Beste lezers, ik deel dit hieronder omdat duidelijk mag zijn hoe intens zwaar het werk in de zorg (op Curaçao) nu is. Niets dan diep respect voor deze toppers! Mijn vriendin X.Y. werkt op de intensive care-afdeling (ic) in het ziekenhuis op Curaçao. Hier haar heftige en emotionele verhaal.
Zoveel tranen
Daar sta ik dan in m’n vierde nachtdienst, ik houd z’n hand vast. Ik kijk naar de monitor en zie een bradycardie overgaan in een ventriculair escape-ritme, gevolgd door een asystolie. Hij overlijdt om 1.01 uur ‘s nachts, alleen, zonder familie, leeftijd begin 40 jaar.
Ik wens hem een goede laatste reis. We ontkoppelen hem van de beademing en de monitor, we verwijderen de tube, alle infusen, slangen en katheters, zodat hij weer een beetje ‘mens’ lijkt. We konden hem gewoonweg niet langer in leven houden. Het lichaam was op, te kapot, met twee compleet witte longen.
Drie weken heeft hij, en hebben wij gevochten, maar ook deze strijd hebben we verloren.
Ik vang z’n echtgenote op, ze huilt. ,,Onze twee kleine kindjes zijn beneden bij oma, ik weet niet hoe ik ze moet vertellen dat hun papa dood is”, zegt ze. M’n hart breekt.
Er komt meer familie en ik beantwoord al hun vragen. Ze nemen afscheid, er zijn zoveel tranen.

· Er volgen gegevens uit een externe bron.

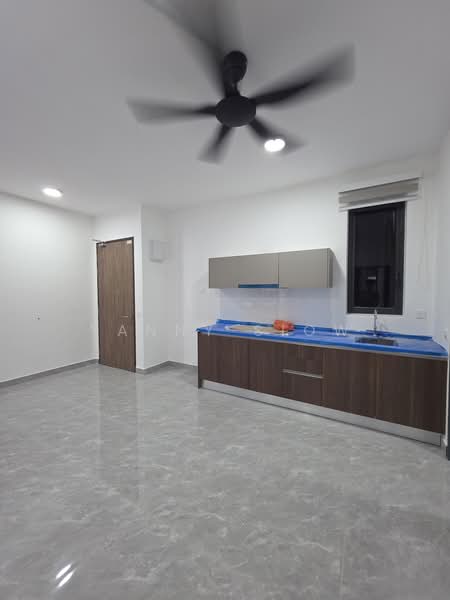 Service Residence for Rent at Altris Residences @ The Quartz WM - Yanny Siow - Kitchen - PropertyGuru.com.my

Z’n echtgenote bedankt ons, ze omhelst me voordat ze de ic verlaat. Hierna moet ik zelf huilen, in een hoekje, alleen. Ik wil niet dat iemand dit ziet. Ik moet professioneel blijven, m’n werk doen.

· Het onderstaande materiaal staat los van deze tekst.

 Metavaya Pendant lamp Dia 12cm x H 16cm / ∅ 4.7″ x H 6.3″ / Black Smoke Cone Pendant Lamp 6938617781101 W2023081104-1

Ik heb nog twee zieke ic-patiënten die compleet van mij afhankelijk zijn. Ik mag en kan geen fouten maken, moet gewoon blijven doorgaan!
In vijftien jaar ic heb ik nog nooit in dit soort werkomstandigheden hoeven werken. De werkdruk is onmenselijk hoog, de stress is enorm, de verantwoordelijkheid is niet te dragen en de sterfgevallen zijn er veel. Er is wat hulp gekomen, maar helaas niet in de vorm van gekwalificeerd ic-personeel, waardoor de eindverantwoordelijkheid blijft bij een kleine selecte groep.

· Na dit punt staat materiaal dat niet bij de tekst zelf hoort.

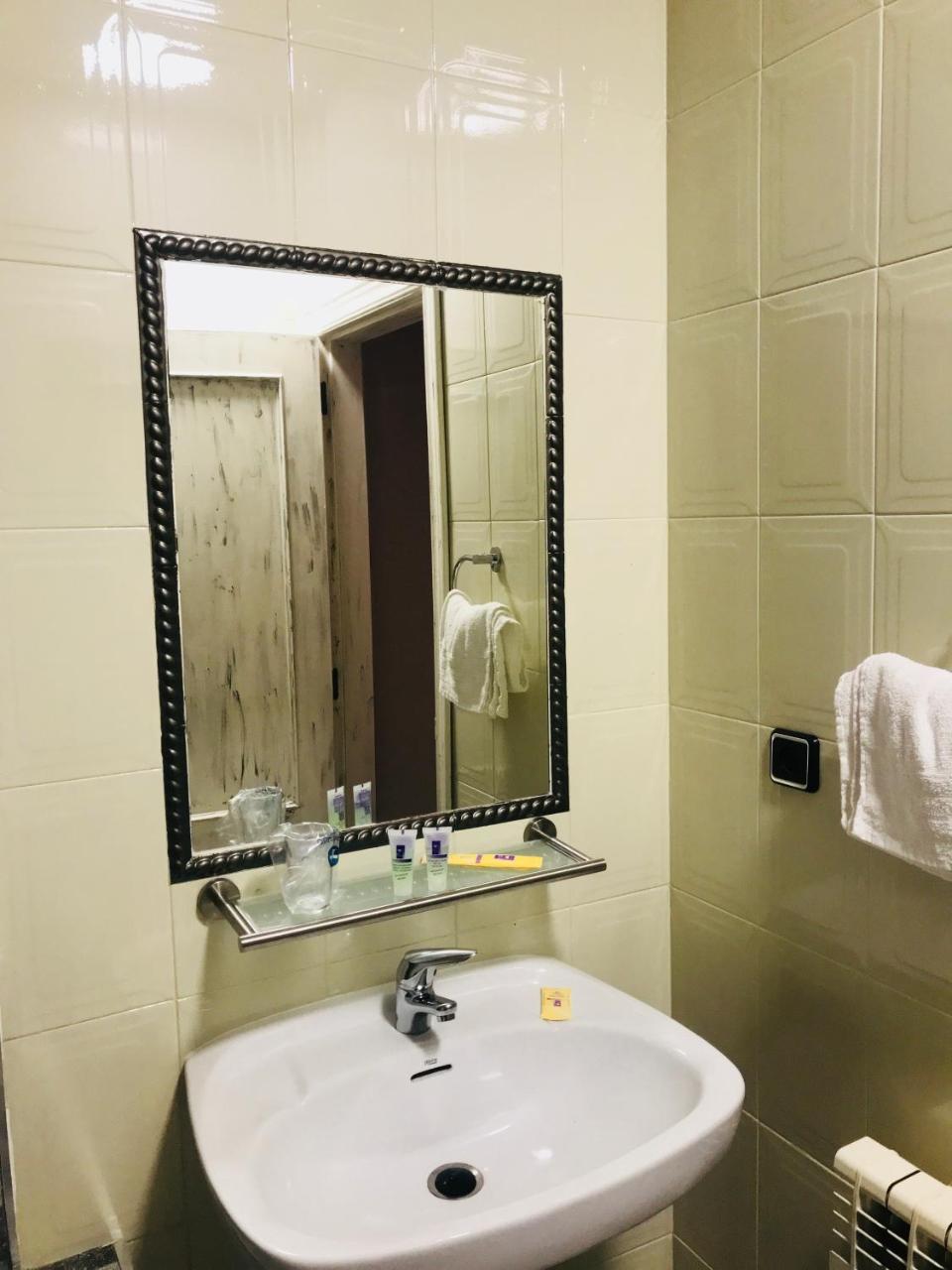 Hospedium Hotel Twist Torredonjimeno エクステリア 写真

En dan zie ik een eerste profielfoto voorbijkomen op Facebook met de leus ‘Ik wil weer feesten’. En die komt even hard binnen.
Want als dit is wat je wilt, dan ben je toch een gelukkig mens. Je zou je maar zorgen maken:
- of je nog wel een dak boven je hoofd hebt volgende maand;
- of dat je je kinderen wel te eten kunt geven deze week.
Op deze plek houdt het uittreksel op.